From “Holdfast Crowbiter”:

“Our world a punctured lung that contracts and expands without ease. What is close comes near, then billows away far from reach. So much is evacuated, then all is spasm, and gashes, and wet tissue. Where there is pain, there is a gasp. Our rib cage cleaved accordion, the organ no longer used for lovemaking. The air we expel is stale with fear.”

Here, Wikswo gives the reader a type of poetics of where self and place intersect then interact. I’m not quite sure what the plot of this story is, but that doesn’t matter as it is the language and sound of the story that drove me through it. Gliding along the undulating river of her rhythm and imagery, my mind flowed with Wikswo’s words and I could feel the transformations taking place in the text not because of any events, but because of this lingual movement.

Ultimately, in this collection, every story is a poem with life thriving throughout each image. That, combined with Wikswo’s own photographs of different types of nature, creates a multi-sensory reading experience. You don’t just read the stories; you engage with them through consideration and interpretation. For instance, when you take this text: “Prayers for bones that bend instead of break are prayers for our bodies to be soaked in vinegar, pickled, unable to expire. Pray for good winds. Pray for calm seas. For our immortality. What we have here is a multi-sensory reading experience and it sucks you in. A large contributor to the pace and flow in this example is the use of repetition — “pray.” This technique is powerful, as it feels as if through the repeated phrases and descriptions, a momentum is gathering, a meaning shifting and maturing into larger and connected concepts. Pray for good winds. Pray for calm seas. For our immortality. As often as possible, pray for something that does not exist. The story builds.

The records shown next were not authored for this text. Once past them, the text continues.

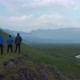 Drone Birds Eye View Four People Standing Top Peak Iceland Highlands Looking Stunning Panorama - VideoHive Item for Sale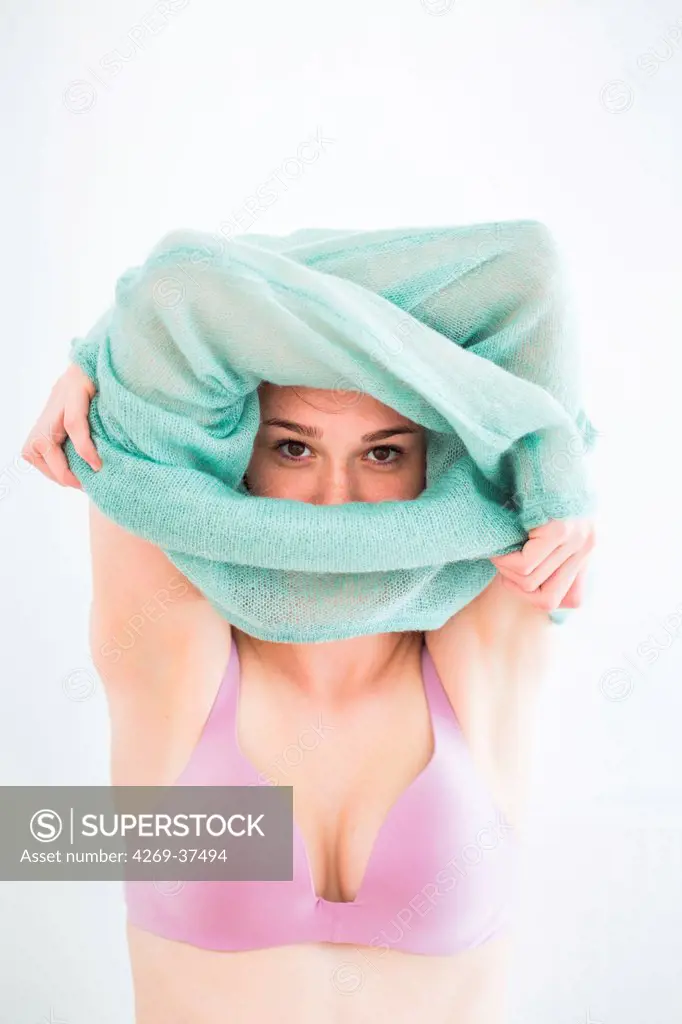 Young woman taking off her sweater.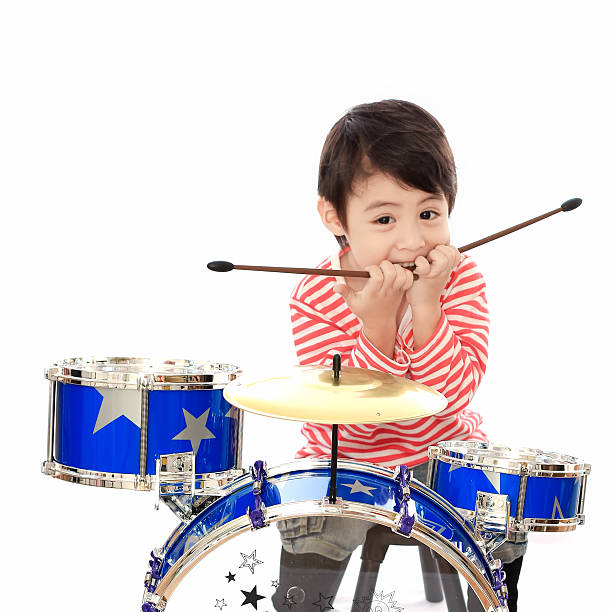 istock Asian young boy playing drum on white background 527956133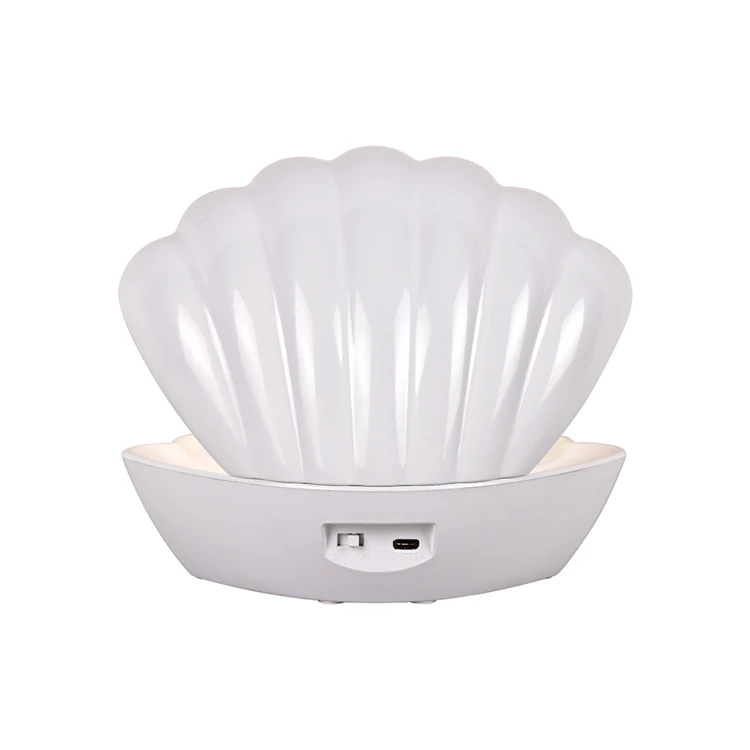 Leuchtende Muschellampe mit Glitzereffekt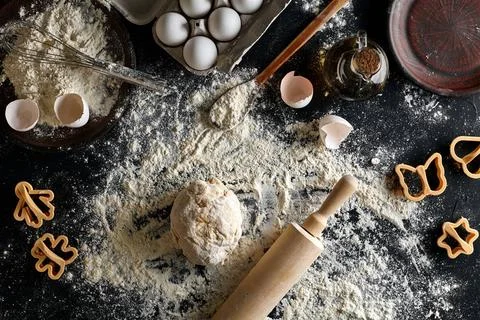 Cooking dough for cookies, butter, eggs, cooking equipment, flour on a bla... Stock Photos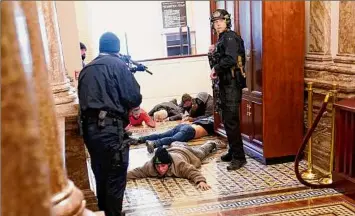  ?? Andrew Harnik / Associated Press ?? In this Jan. 6 photo, U.S. Capitol Police hold rioters at gunpoint near the House Chamber inside the U.S. Capitol in Washington.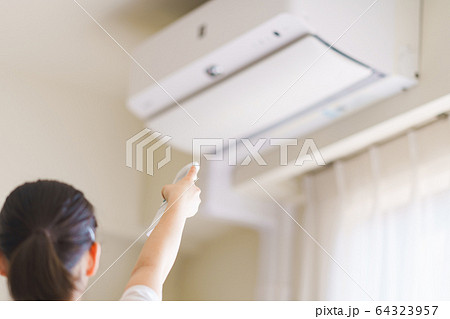 エアコン　温度調節　換気　冷房　夏　リモコン　リビング　人物　女性　日本人　ウィルス対策　空気清浄機 64323957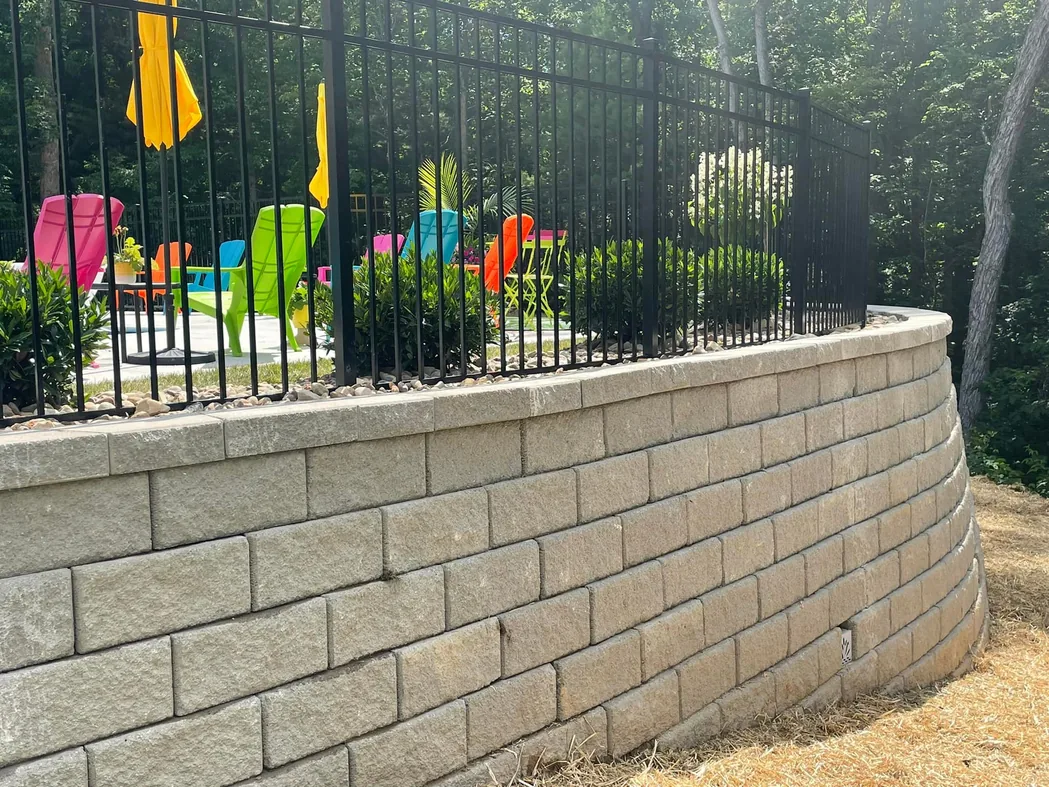 Hardscaping: a tall curved block retaining wall below a fenced patio with bright lawn chairs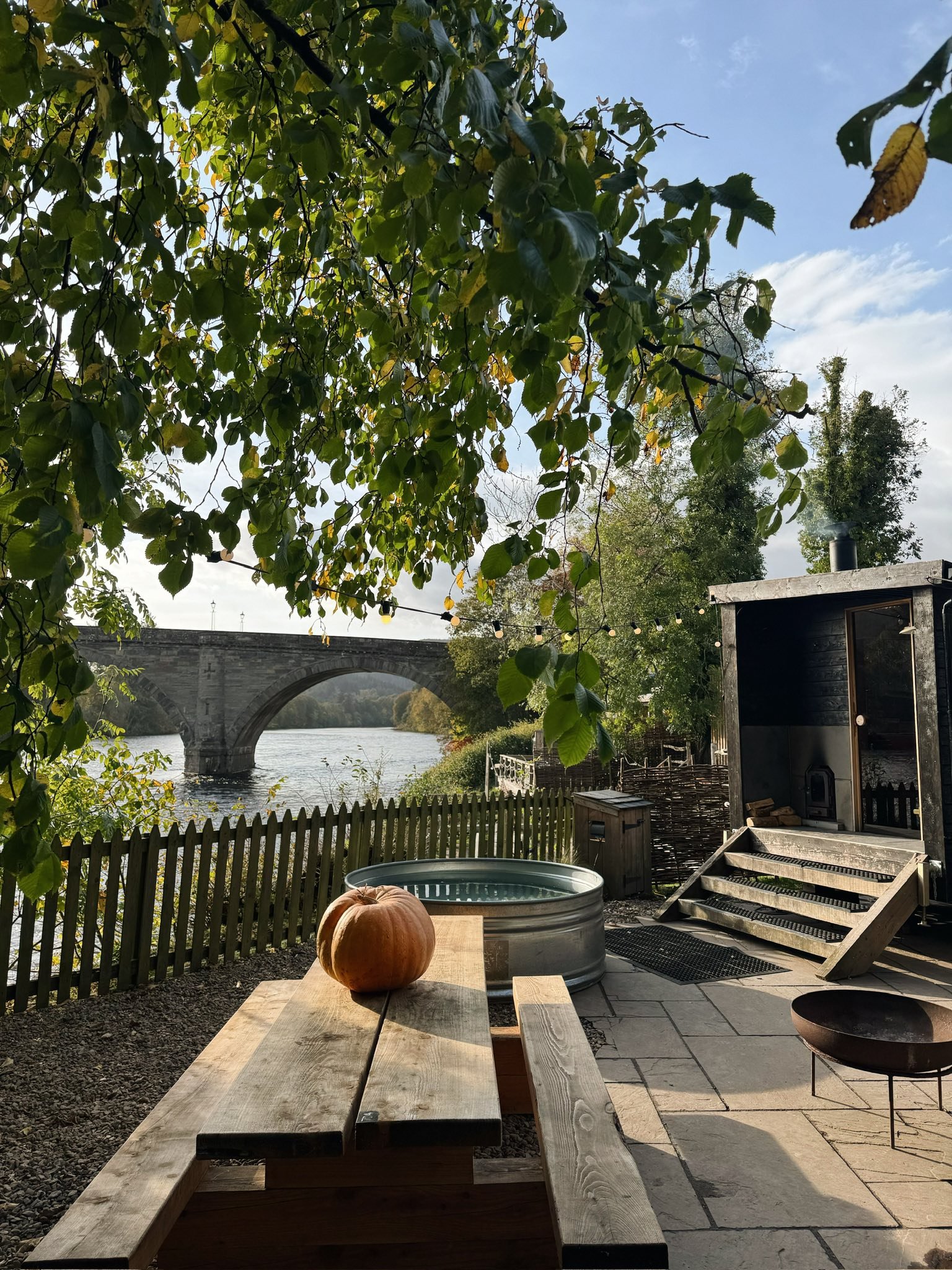 Riverside sauna and plunge pool at Braan Sauna in Dunkeld overlooking the River Tay and Dunkeld Bridge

Aside from these connections brought forth through wilderness, the different characters begin to create and communicate themselves through each other. In “The Kholodnaya Voyna Club,” for instance, two people merge through the lyrical. Wikswo writes, “The pilot shared the same dreams with her at night, unconscious. Autobiographically accurate, yet identical. They had even dreamed them at the same hour, and woke together, crying. She drove the pilot so crazy, sometimes it seemed possible they were the same person. Perhaps a single schizophrenic.”

It is through these stories and photographs in which not only are identities created and discovered, but the experience of connection becomes vibrant. Tangible, even. One aspect that Wikswo concentrates on in “My Nebulae, My Antilles,” is that of how we learn to speak through writing. “When I was a small child, I was very silent. I was known for my silence. It was not known that I kept a diary. In its earliest life, it was a simple count of the day’s activities. Tally up the scabs on my kneecaps. The sixteen collectors that live within a beet. As the days passed, I learned that paper listens.”

The reader, too, is listening. She’s reading closely, attentively as she follows Wikswo through these meditations of where wilderness lives not only outside of us, but within us, as well. The reader weaves around and discover the ways in which through language, wilderness is a type of getting lost in beauty — getting lost in herself. Through this, the senses created by this reading experience are forever heightening. It is through Wikswo’s poetic language and movement that we can recognize, live, and exist in our own ecology of complexity.